現在の観光客は、インターネットで旅行情報を収集し、ツアーや個人旅行の手配をします。旅行中もSNSで情報を発信したり、現地の情報を収集したりするなど、旅行の多くの部分がデジタル化されているのです。

そのため、観光業界でもデジタル技術を活用したマーケティングを実施し、接客に生かす必要があります。

日本の観光業界の動き

しかし、日本の観光業界はまだDXへの対応ができていません。

観光業界でもデジタル化は進んでいます。しかし、その多くは社内の業務効率化に偏っており、顧客向けはまだ少ない状況です。

顧客向けのデジタル化サービスとしては、VR(Virtual Reality、仮想現実)がよく使われています。しかし、観光地の風景を映したり、当地名物を疑似体験できるなど、画一的な取り組みとなっており、各地方の独自色を出したものはなかなかありません。そこには、次のような課題があります。

  • 予算不足
    新しいシステムを導入する余裕がない。
  • 人材不足
    新しい技術やDXに対応できる人材がいない。
  • ビジョン不足
    経営者が、デジタル技術を生かして自社をどのように変えていくのか、将来の姿を思い描けない。
  • 都市部と地方のデジタル格差
    都会でもDXに対応できる人材は少ないが、地方にはもっと少ない。周囲のITリテラシーにも差がある

観光庁の方針

観光庁は積極的に観光DXを推進し、観光サービスの変革と観光需要の創出を目指しています。2021年度予算では、観光DXを本格的に推進する施策「DXの推進による観光サービスの変革と観光需要の創出」に8億円を計上しました。

さらに2021年には、観光DXを強力に推進するため以下の公募を実施しました。

  • これまでにない観光コンテンツやエリアマネジメントを創出・実現するデジタル技術の開発事業
  • 来訪意欲を増進させるためのオンライン技術活用事業

観光のDX化によるメリットと課題

観光DXには、デジタル化によるマーケティングの発展、コンテンツの充実、業務効率化の3つのメリットがあります。

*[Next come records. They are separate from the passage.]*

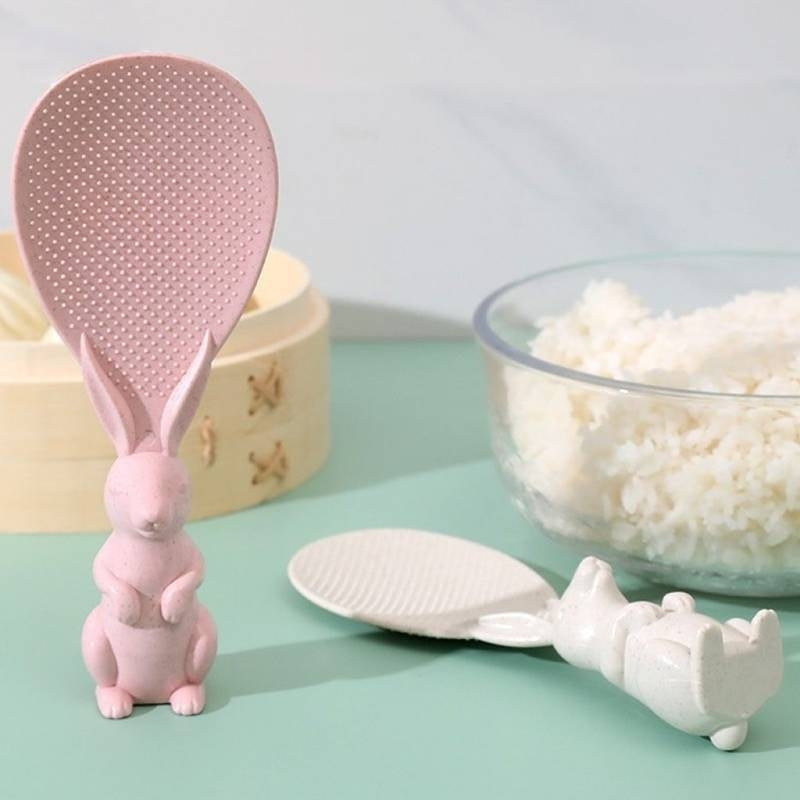 Pink rabbit-shaped rice paddle and white hippo-shaped spoon on a light green surface with a bowl of rice in the background.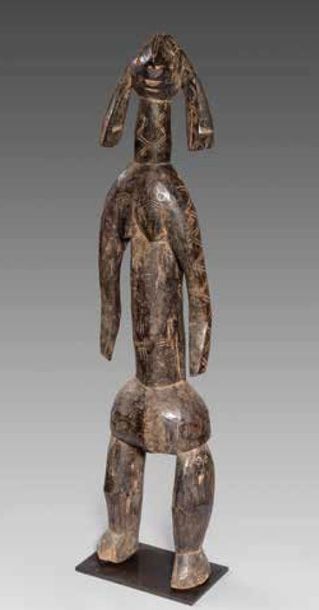 88 quat. Statue Mumuye, Nigeria
Bois dur...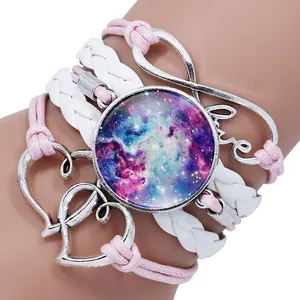 Macro view of pink and white braided bracelet with galaxy gem and heart charms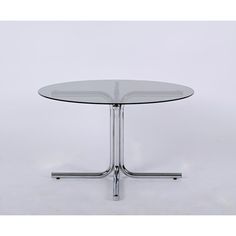 a round glass table with chrome legs on a white background in front of a plain backdrop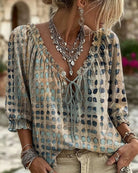 Pink boho blouse, styled for a relaxed holiday look, paired with comfortable trousers.
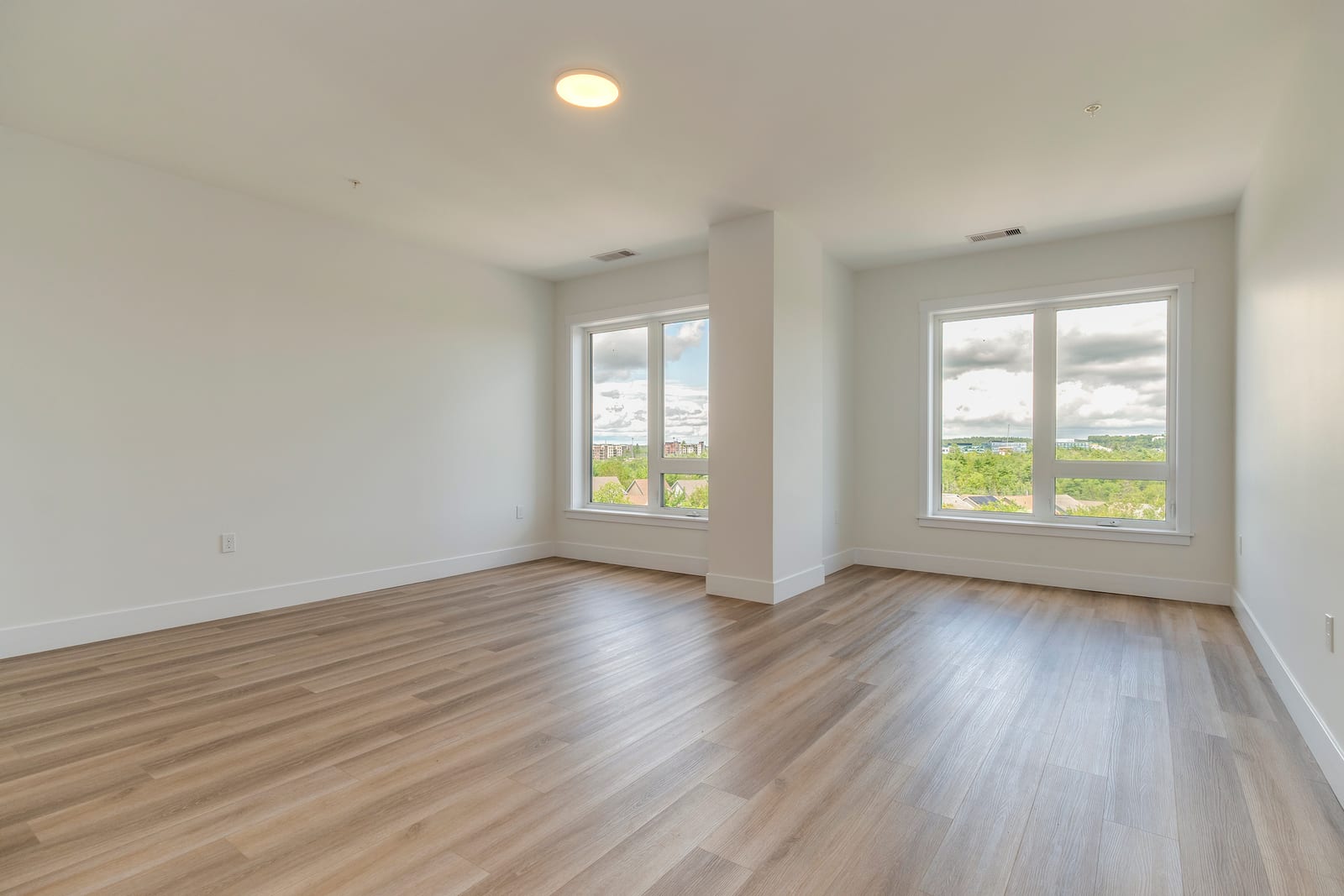 Bedroom with two large windows and plenty of natural light
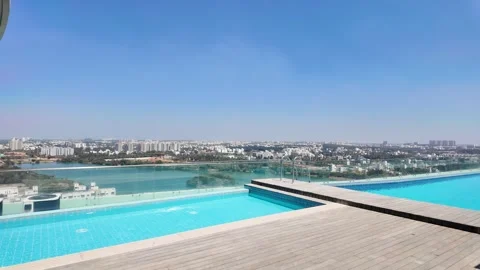 Luxury Rooftop Infinity Pool with City Skyline View. Bangalore Real estate Stock Footage 329504337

一方で、DX化へのアプローチ方法やデータの取り扱いなど、課題があるのも事実です。ここでは観光DXのメリットと課題について説明します。

観光のDX化によるメリット

  • データを活用して顧客のニーズを知る
    旅行者のデータを収集してビッグデータとして分析することで、リアルなニーズをくみとり、マーケティングに活用できます。
    リピーター客に対しては、蓄積した顧客情報をもとに、よりきめ細やかな接客が可能になります。
  • 新しい魅力を提供する
    VR、AR、AI、ロボット技術などを利用して、これまでにないアクティビティを提案できます。
    また、新しい技術を使って、従来の観光資源(文化・芸術・自然など)の異なる魅力を伝えることが可能です。現地に訪れる前にバーチャルツアーで見学することもできます。
  • 中小企業でも積極的に情報発信できる

SNSや動画サイト、レビューサイトなどで、規模の小さい観光業者でも積極的に情報発信を行い、全世界の顧客と直接コミュニケーションを図ることができます。

  • 観光業者側の業務効率化
    デジタル技術の利便性で顧客サービスが進化します。たとえば、次のようなことが可能です。
    ・情報共有を進めることにより、担当者が変わっても同じレベルの接客が可能になる
    ・翻訳アプリやチャットボットなどのデジタル技術を用いた情報提供により、外国人観光客にも対応しやすくなる

デジタル化によって従業員にかかる余計なコストを削減し、業務効率化を促進することで、サービスレベルを向上させることができます。観光DXのメリットを生かすには、観光資源のコンテンツ、業務効率化のためのシステム、さらに顧客に関するデータが必要になります。

観光DXの課題

地方で観光DXを進めるには、次のような課題があります。

  • 自治体の積極的な取り組みが少ない
    観光DXに積極的に取り組める自治体はまだ少ないようです。そこには以下の理由があります。
    ・どこからとりかかればよいかわからない
    ・予算やIT技術に詳しい人員が足りない
  • 個人に関連した情報の取り扱い
    ビッグデータを収集するときには、関連法規の確認と、プライバシーへの配慮が必要です。
    いわゆる個人情報だけでなく、位置情報やCookieなどの取り扱いにも注意しなくてはなりません

観光DXの課題を解決するにあたり、自治体と民間企業、大学などが共同で事業を行う(産官学連携によるDX推進)ことで、費用のリスクやリソース、ノウハウを互いに補うという考え方があります。個人情報に関しては、位置情報の場合であれば個人を特定できる情報は含まれないものの、心中を覗かれているような居心地の悪さを感じる消費者心理があることは否めません。DX化による便利さに着目するだけでなく、このような心理に配慮し、施策を提案・告知する方法や表現、タイミングを慎重に見極めることが必要です。

観光DXで活用されるデータとは

観光DXでは、コンテンツを提供するためにはVR、AR、AI、ロボット技術、自動運転などの技術、業務効率化には5G、Wi-Fi、IoTなどの技術が使われます。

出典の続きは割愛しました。